→ **Problem statement**: Please write out every line of the material, leaving out any picture.

→ **Material provided**:
----------------

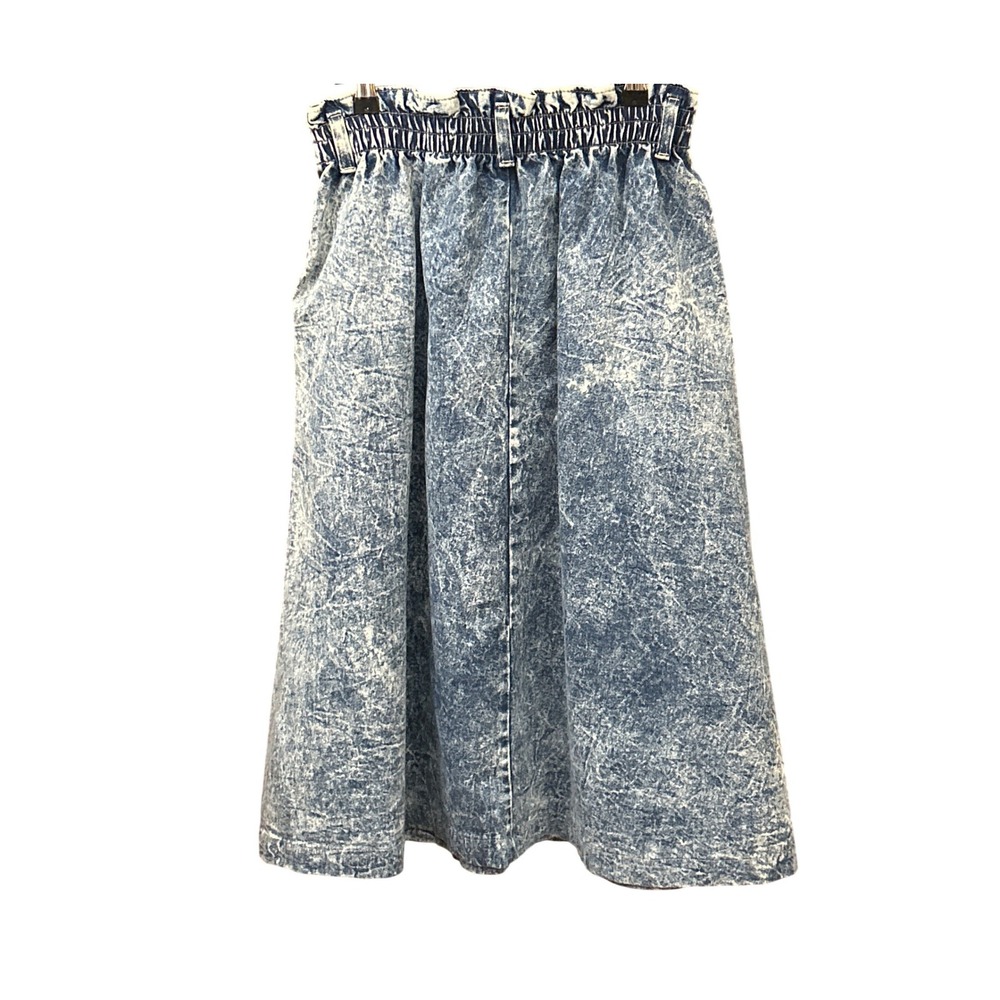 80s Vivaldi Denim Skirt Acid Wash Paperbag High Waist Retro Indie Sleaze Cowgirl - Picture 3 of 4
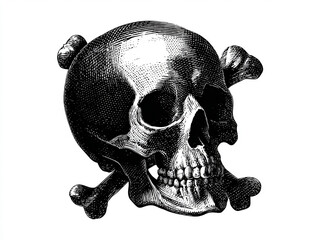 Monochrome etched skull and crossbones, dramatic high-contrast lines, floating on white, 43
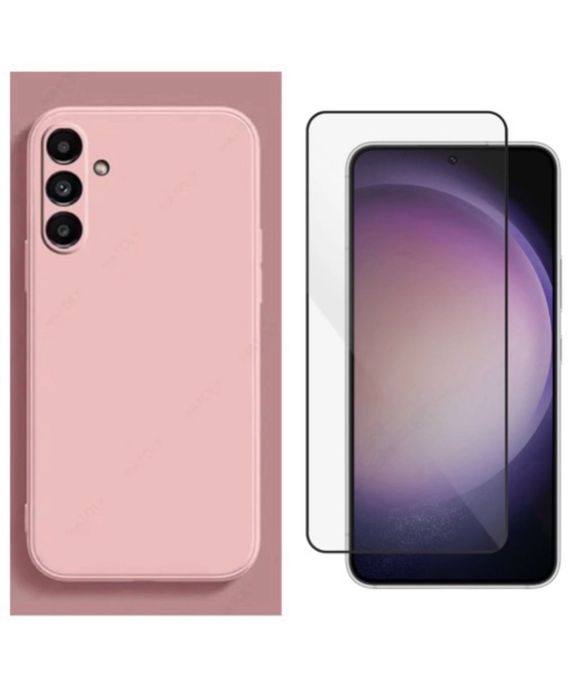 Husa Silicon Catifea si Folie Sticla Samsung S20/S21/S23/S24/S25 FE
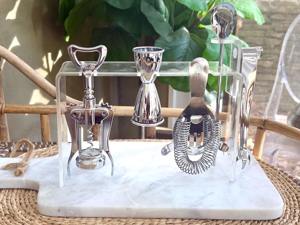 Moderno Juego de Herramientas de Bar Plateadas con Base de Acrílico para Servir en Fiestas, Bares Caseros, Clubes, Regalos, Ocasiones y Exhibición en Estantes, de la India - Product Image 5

----------------

→ **Expected output**:
 80s Vivaldi Denim Skirt Acid Wash Paperbag High Waist Retro Indie Sleaze Cowgirl - Picture 3 of 4
 Monochrome etched skull and crossbones, dramatic high-contrast lines, floating on white, 43
 Husa Silicon Catifea si Folie Sticla Samsung S20/S21/S23/S24/S25 FE
 Moderno Juego de Herramientas de Bar Plateadas con Base de Acrílico para Servir en Fiestas, Bares Caseros, Clubes, Regalos, Ocasiones y Exhibición en Estantes, de la India - Product Image 5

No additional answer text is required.